Al passato ha dovuto rifarsi Stefano Bergamino che insieme al socio Marco Demarchi guida la la Distilleria Sangallo, il cui prodotto di punta è l’Amaro Camatti. A inventare quest’amaro era stato il farmacista ed erborista Umberto Briganti con la moglie Teresa Camatti. Lui era toscano, lei emiliana, si erano trasferisti nel 1923 a Recco e vi avevano aperto una distilleria per produrre un amaro – il Camatti – con una loro ricetta. Nel 1989 Enzo, padre di Stefano Bergamino e titolare della Sangalllo, che produceva grappe, liquori agli infusi di frutta, limoncino, ha acquistato il marchio Camatti. La Sangallo ha cominciato a produrre l’amaro a San Salvatore di Cogorno e, da marzo 2018, nel nuovo stabilimento di San Colombano di Certenoli in Fontanabuona. Segue la ricetta (segreta) di Briganti, senza alcun tipo di variazione. Ma non solo. «Una svolta decisiva – ha raccontato Bergamino – è stato il restyling dell’etichetta. Nel tempo era cambiata, noi abbiamo recuperato quella originaria, abbiamo rifatto la bottiglia come l’avevano ideata Briganti e la moglie. È stato un ritorno al passato». La fedeltà al passato, e l’attenzione alle strategie di marketing, hanno lanciato a livello mondiale l’Amaro Camatti, che ha ottenuto numerosi riconoscimenti tra cui quello di miglior amaro del mondo conferito dal World Liqueur Awards, tra le competizioni più importanti del settore degli spirits a livello mondiale.

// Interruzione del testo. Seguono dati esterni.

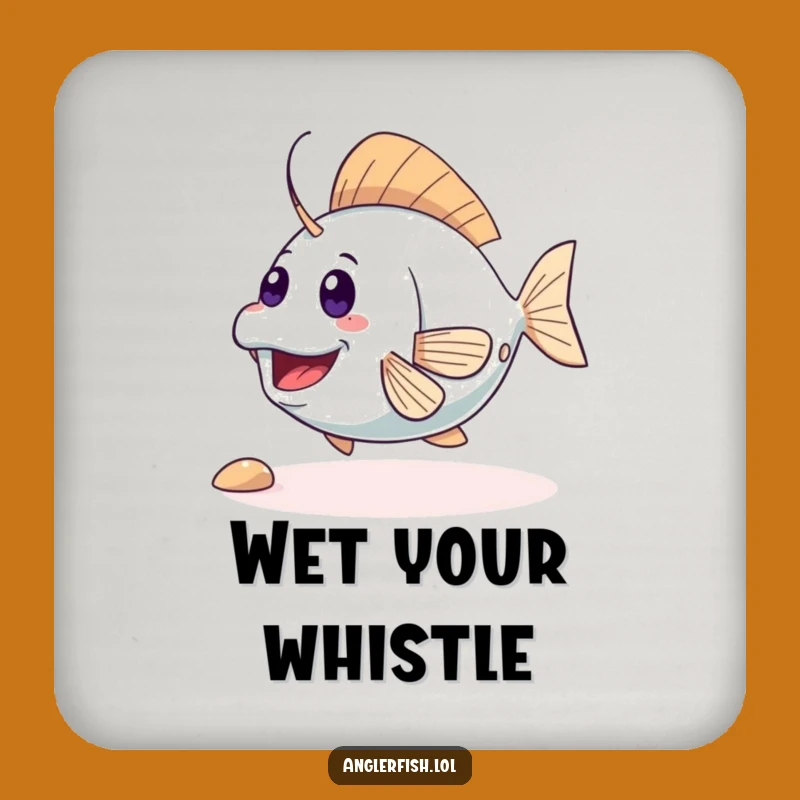 Funny Cute Anglerfish Coaster: Playful Tail Wiggle Protection – Charming Funny Gift!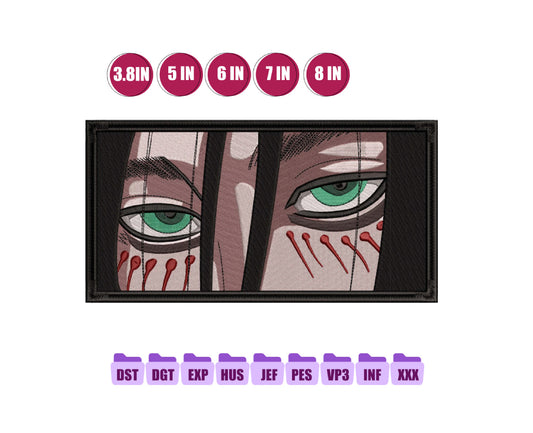 Naruto Anime Embroidery Design, Anime Machine Embroidery Design 129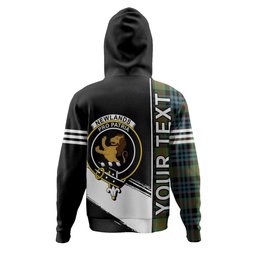 ScotsTee Shop Scottish Newlands (Walker Newlands) Ancient Clan Crest Tartan Hoodie Quarter Personalized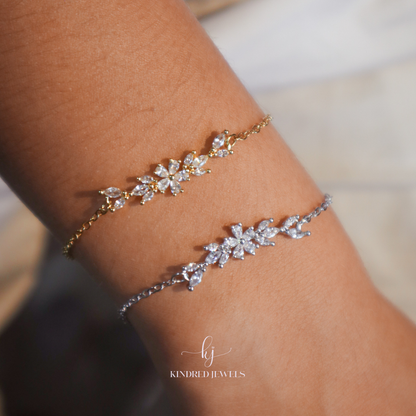[SG] Le Petite Floral Bracelet | Stainless Steel | Kindred Jewels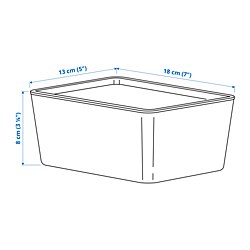 Measurement Illustration - KUGGIS box with lid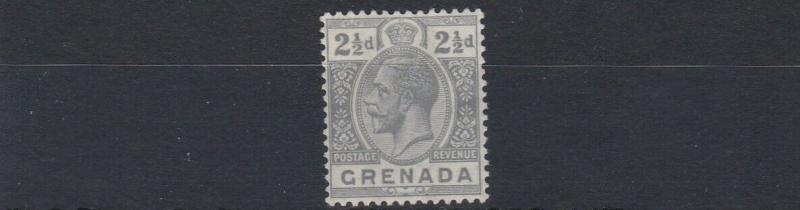 GRENADA  1921 - 31   S G 118  2 1/2D   GREY     MH 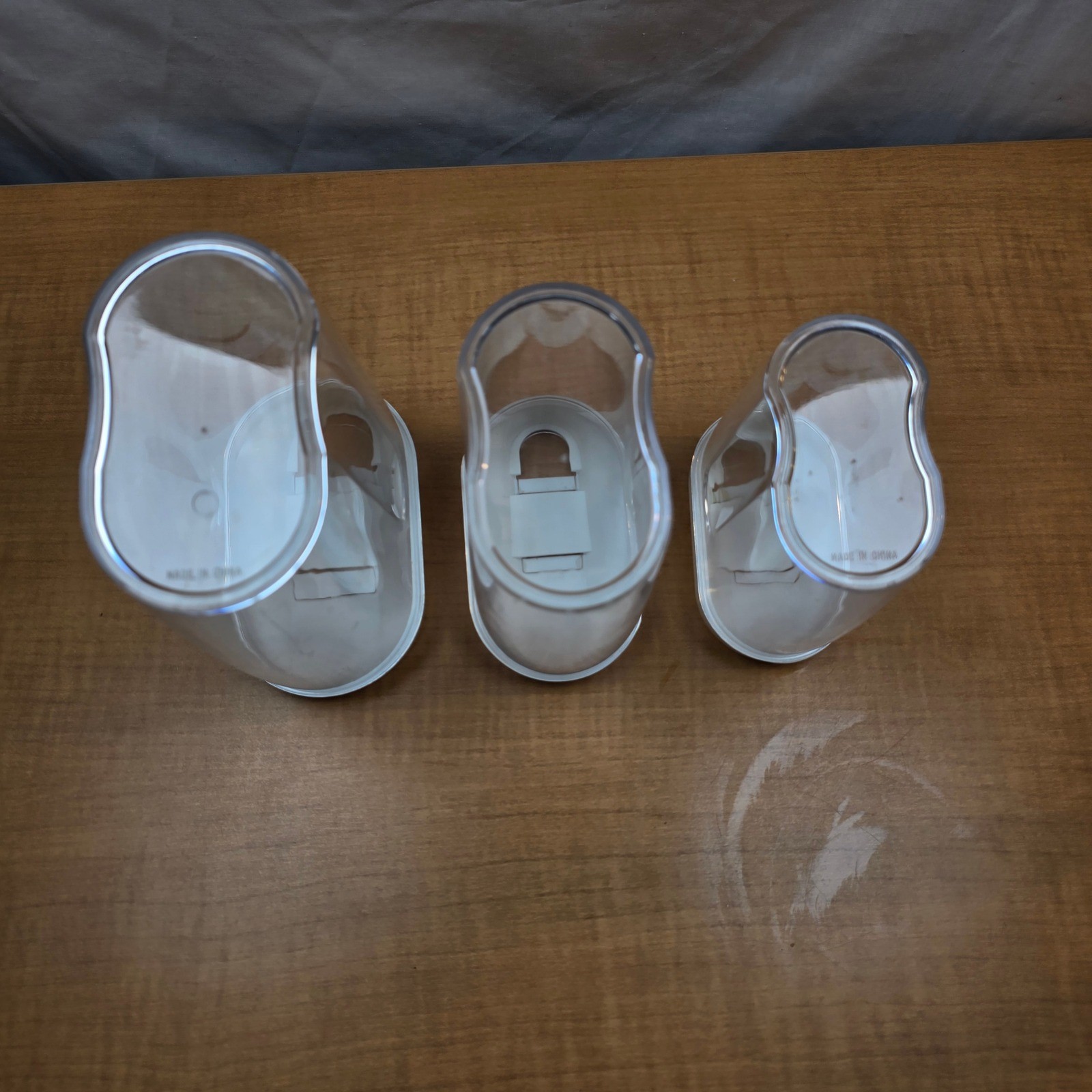 Clear plastic pour spout containers 3 sizes nuts seeds candy cereal sugar spices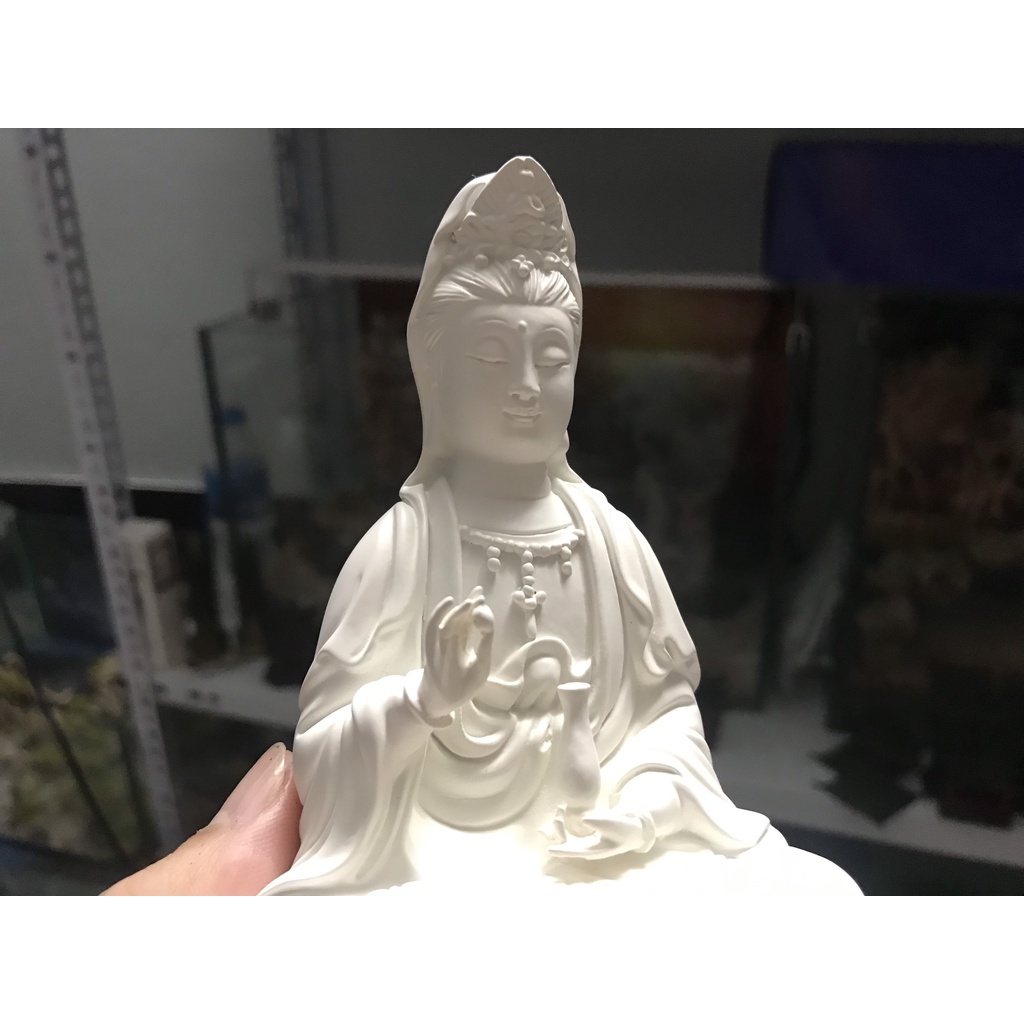 Tượng bồ tát, phật bà quan âm cao cấp- phụ kiện trang trí bể cá, tiểu cảnh, sân vườn, hòn non bộ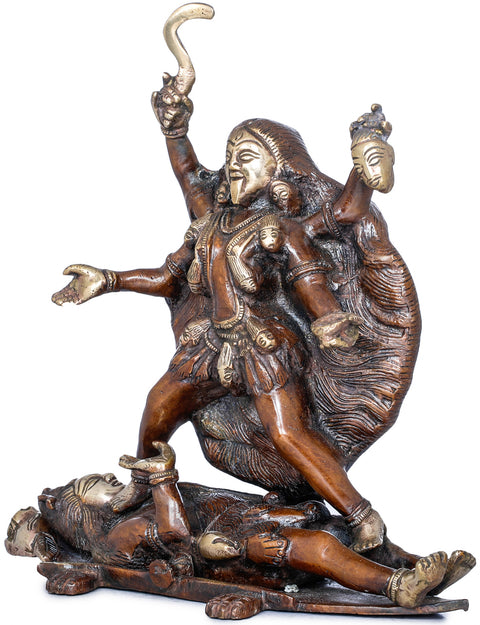 8" The Wrath of Kali In Brass | Handmade | Made In India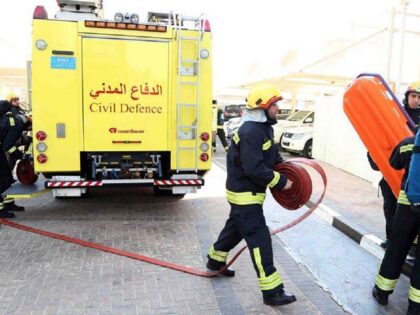 Qatar Civil Defence Controls Warehouse Fire in Al Wakrah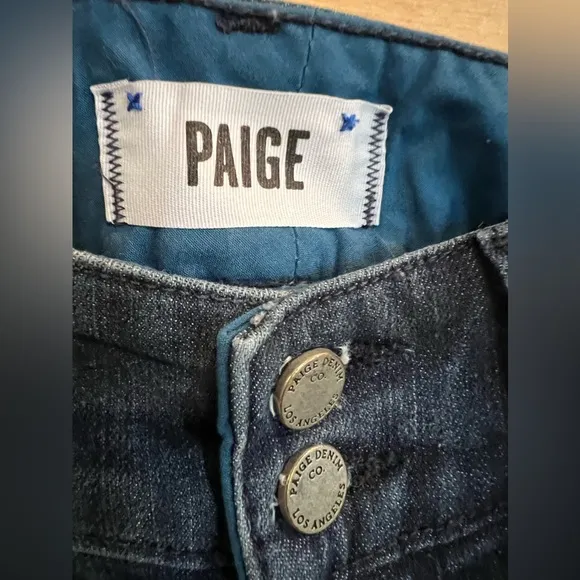 Paige Hidden Hills Straight Leg  Denim Jeans Size 25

L’acquisto del Genoa, nato nel 1893, di 777 Partners, società statunitense con sede a Miami, specializzata in servizi finanziari e attiva anche nel settore dello sport, ha comportato l’immissione di nuove tecnologie in un contesto antico. «Si è cercato un equilibrio tra il vecchio e il nuovo – ha spiegato Flavio Ricciardella, direttore generale del Genoa – con grande attenzione alla storia del club, della città, del territorio. Stiamo usando algoritmi, tecnologie avanzate e, per riconquistare un pubblico giovanile, mezzi di comunicazione social. Lavoriamo a invertire la rotta che stava portando a un allontanamento dei genoani dal Genoa».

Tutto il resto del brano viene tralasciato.